* WHAT YOU HAVE TO DO
From the records below, copy out exactly the lines from the one containing "La piccola Opera" to the one containing "Rowin Active Joggers - Deep Taupe - Image 2", both included. Add nothing else.

=-=-=-=-=

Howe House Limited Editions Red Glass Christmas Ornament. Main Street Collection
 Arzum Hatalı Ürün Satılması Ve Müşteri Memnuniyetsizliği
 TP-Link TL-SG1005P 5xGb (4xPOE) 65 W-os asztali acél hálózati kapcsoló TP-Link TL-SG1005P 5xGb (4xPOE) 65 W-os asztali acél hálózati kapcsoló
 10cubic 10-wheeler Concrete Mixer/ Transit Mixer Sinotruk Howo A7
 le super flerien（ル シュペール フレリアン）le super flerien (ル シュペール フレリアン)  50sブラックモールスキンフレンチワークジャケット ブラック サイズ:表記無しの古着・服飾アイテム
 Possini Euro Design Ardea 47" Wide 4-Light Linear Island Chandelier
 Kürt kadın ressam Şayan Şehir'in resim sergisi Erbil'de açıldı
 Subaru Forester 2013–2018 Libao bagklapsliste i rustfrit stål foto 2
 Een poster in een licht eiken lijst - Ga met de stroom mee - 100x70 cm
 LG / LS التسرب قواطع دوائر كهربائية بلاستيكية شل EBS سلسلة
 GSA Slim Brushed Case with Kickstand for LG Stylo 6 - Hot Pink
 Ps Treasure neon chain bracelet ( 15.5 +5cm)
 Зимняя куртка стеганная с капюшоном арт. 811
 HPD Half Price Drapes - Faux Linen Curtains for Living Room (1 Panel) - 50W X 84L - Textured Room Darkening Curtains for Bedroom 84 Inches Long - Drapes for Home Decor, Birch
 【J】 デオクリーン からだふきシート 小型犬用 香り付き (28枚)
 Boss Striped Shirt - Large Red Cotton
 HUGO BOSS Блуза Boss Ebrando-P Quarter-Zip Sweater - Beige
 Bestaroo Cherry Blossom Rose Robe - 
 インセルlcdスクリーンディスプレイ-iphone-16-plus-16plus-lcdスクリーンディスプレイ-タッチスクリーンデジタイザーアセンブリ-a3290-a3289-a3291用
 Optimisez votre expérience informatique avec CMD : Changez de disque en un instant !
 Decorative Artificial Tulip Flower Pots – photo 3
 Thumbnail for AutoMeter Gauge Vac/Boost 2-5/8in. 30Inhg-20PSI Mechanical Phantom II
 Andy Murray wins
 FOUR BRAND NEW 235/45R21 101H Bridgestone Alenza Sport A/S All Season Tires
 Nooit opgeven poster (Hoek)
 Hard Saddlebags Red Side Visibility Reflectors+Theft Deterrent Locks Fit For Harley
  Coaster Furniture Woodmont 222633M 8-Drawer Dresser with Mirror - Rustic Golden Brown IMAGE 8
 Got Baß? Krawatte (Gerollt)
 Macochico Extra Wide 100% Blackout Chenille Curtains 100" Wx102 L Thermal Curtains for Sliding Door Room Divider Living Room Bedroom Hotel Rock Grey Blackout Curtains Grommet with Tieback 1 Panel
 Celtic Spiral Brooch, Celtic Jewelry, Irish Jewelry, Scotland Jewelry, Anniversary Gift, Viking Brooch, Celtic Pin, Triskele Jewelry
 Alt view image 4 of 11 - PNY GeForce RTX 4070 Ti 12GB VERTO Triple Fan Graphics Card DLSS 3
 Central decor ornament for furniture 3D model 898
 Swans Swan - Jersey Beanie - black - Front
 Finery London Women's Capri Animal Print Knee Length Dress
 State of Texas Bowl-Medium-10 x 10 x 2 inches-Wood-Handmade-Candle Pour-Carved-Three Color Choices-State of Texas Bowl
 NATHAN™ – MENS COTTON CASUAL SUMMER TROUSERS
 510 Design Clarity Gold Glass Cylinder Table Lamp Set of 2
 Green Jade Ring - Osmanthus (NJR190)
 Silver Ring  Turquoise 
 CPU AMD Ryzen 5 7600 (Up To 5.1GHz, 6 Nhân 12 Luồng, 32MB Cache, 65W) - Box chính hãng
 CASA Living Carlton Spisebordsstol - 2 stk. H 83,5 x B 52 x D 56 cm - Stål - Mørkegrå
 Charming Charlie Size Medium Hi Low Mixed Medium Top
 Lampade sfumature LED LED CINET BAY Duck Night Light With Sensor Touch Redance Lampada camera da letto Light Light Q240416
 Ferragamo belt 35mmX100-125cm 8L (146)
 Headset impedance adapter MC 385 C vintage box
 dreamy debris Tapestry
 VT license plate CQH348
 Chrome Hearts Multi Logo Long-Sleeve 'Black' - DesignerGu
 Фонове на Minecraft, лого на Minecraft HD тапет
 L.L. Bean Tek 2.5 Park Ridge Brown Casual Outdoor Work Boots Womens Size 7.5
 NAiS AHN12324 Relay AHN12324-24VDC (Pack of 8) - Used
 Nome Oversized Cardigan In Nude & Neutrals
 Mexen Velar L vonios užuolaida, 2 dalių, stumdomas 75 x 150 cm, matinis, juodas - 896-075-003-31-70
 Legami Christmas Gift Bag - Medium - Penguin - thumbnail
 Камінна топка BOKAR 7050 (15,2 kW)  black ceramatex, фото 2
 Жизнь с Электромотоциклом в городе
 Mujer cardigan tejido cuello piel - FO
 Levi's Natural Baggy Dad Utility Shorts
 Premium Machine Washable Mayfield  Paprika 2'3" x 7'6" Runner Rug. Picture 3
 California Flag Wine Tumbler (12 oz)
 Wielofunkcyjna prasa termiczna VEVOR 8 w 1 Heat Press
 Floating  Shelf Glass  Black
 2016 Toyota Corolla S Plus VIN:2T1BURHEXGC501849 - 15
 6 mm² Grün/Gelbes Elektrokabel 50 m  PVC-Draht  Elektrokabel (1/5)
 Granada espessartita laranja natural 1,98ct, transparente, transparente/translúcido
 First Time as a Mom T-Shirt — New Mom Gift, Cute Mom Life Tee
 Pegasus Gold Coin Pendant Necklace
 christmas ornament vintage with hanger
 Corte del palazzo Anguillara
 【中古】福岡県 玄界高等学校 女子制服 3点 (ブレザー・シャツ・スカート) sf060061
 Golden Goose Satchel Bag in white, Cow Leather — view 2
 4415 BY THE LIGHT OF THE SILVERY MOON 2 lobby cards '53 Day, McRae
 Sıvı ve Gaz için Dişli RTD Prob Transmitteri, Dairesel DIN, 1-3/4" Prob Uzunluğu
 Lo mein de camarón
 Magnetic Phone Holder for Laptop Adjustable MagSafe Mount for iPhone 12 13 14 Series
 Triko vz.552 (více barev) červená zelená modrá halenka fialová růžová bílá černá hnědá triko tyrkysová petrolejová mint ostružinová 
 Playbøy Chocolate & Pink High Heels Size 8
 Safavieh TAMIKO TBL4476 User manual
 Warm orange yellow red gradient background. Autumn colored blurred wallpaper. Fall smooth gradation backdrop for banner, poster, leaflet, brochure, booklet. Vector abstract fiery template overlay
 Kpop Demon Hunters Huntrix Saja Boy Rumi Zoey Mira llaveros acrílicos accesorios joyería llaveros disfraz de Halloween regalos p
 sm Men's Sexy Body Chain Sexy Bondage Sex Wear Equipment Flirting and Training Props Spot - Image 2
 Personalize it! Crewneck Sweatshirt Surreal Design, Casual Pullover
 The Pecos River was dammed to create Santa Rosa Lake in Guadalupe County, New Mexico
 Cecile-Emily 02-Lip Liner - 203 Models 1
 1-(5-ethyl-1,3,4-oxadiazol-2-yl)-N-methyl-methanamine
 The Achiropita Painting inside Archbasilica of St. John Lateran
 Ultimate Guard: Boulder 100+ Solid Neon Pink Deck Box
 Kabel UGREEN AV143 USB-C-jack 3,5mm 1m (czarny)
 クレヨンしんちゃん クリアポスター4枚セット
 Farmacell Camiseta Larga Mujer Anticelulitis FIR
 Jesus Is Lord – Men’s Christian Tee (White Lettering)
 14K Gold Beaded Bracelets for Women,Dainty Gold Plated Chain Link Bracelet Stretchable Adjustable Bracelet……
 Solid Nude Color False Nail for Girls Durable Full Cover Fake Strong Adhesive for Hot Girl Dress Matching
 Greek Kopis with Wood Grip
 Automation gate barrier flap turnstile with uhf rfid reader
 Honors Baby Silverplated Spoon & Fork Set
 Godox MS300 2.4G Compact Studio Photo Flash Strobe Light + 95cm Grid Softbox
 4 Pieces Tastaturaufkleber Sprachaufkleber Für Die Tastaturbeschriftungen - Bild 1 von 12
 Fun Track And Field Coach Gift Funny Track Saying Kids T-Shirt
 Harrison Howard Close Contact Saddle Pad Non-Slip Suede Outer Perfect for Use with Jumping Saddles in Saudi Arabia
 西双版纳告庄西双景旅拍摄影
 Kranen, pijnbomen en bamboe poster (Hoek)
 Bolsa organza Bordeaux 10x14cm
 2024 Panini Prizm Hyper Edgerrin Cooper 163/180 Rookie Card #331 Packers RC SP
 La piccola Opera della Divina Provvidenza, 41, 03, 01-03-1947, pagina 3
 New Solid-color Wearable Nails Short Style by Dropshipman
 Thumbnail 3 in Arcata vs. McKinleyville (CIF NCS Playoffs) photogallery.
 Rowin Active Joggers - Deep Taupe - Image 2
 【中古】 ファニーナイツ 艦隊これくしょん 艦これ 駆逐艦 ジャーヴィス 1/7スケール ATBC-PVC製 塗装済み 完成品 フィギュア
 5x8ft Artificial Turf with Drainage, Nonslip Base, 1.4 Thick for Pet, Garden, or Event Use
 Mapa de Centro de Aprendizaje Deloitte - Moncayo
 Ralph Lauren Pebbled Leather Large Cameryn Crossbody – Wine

=-=-=-=-=

* RESULT OF THIS EXERCISE
 La piccola Opera della Divina Provvidenza, 41, 03, 01-03-1947, pagina 3
 New Solid-color Wearable Nails Short Style by Dropshipman
 Thumbnail 3 in Arcata vs. McKinleyville (CIF NCS Playoffs) photogallery.
 Rowin Active Joggers - Deep Taupe - Image 2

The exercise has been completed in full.